--- Source data Enclosed Below ---

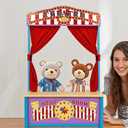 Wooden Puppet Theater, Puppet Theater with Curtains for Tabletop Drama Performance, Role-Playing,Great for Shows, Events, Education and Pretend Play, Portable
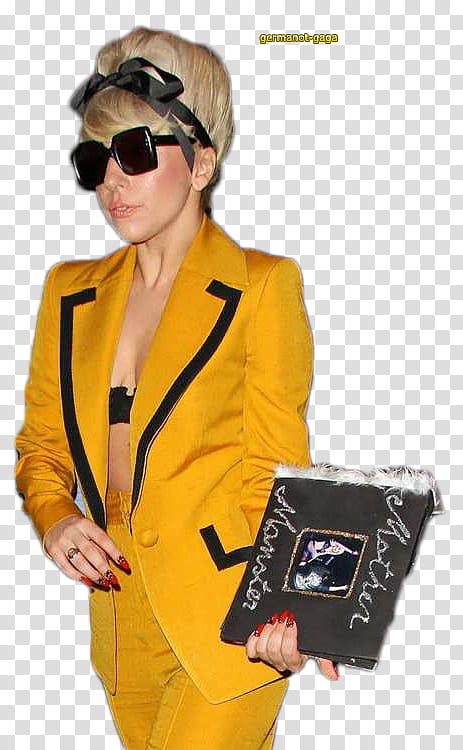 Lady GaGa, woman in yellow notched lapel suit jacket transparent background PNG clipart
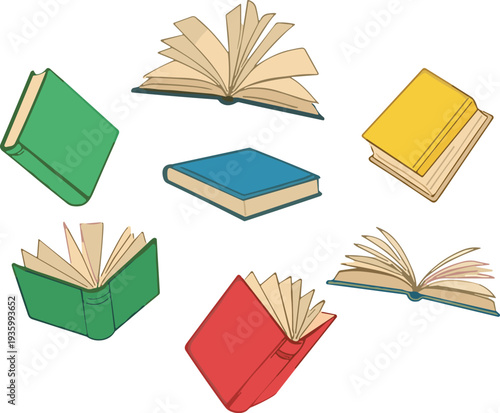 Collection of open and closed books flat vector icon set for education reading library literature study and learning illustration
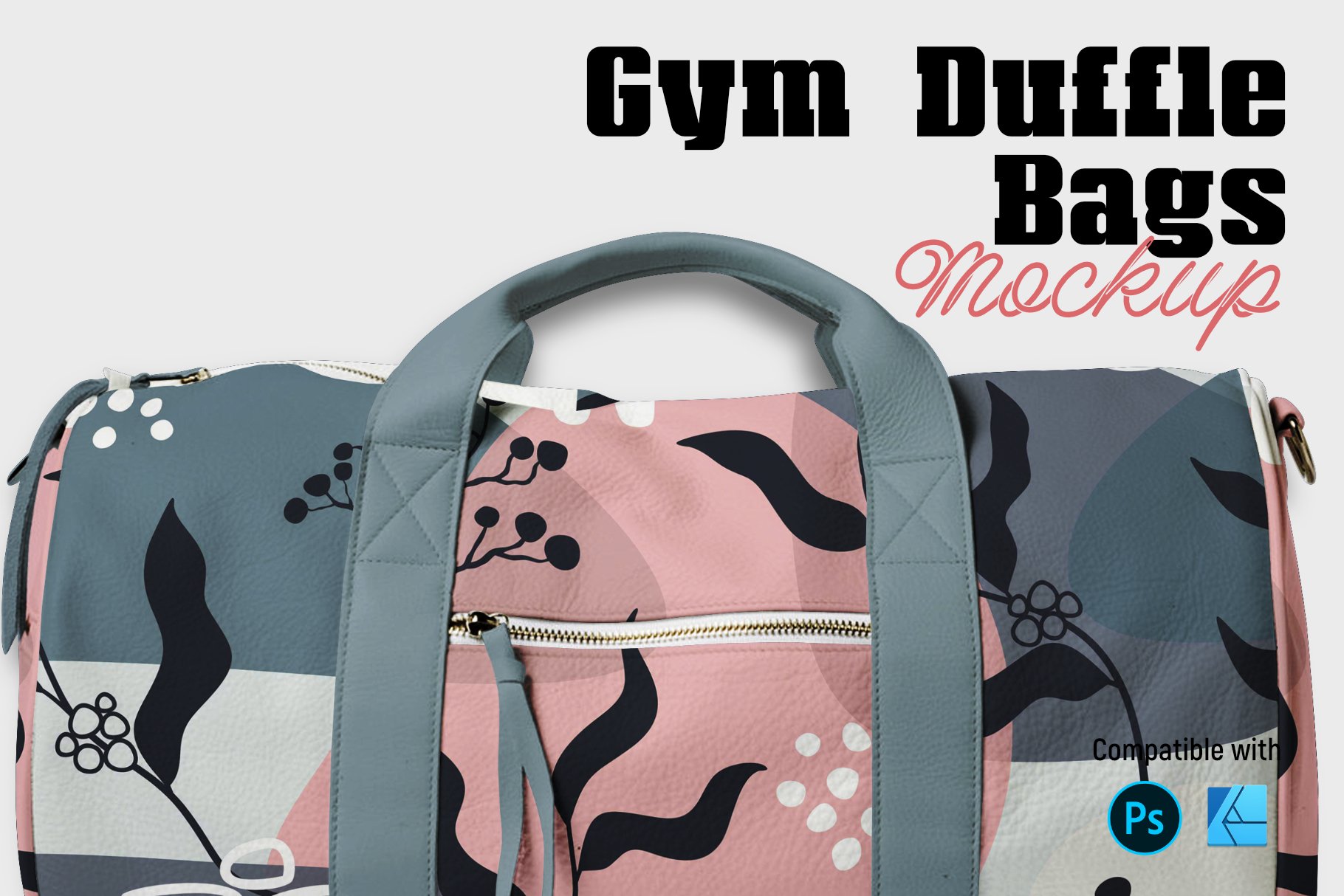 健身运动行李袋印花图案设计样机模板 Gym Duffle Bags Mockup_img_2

--- End of Enclosed Source data ---

→ What you need to do
All of the listing should be transcribed exactly, but none of its images.

→ Output of the exercise
 Wooden Puppet Theater, Puppet Theater with Curtains for Tabletop Drama Performance, Role-Playing,Great for Shows, Events, Education and Pretend Play, Portable
 Lady GaGa, woman in yellow notched lapel suit jacket transparent background PNG clipart
 Collection of open and closed books flat vector icon set for education reading library literature study and learning illustration
 健身运动行李袋印花图案设计样机模板 Gym Duffle Bags Mockup_img_2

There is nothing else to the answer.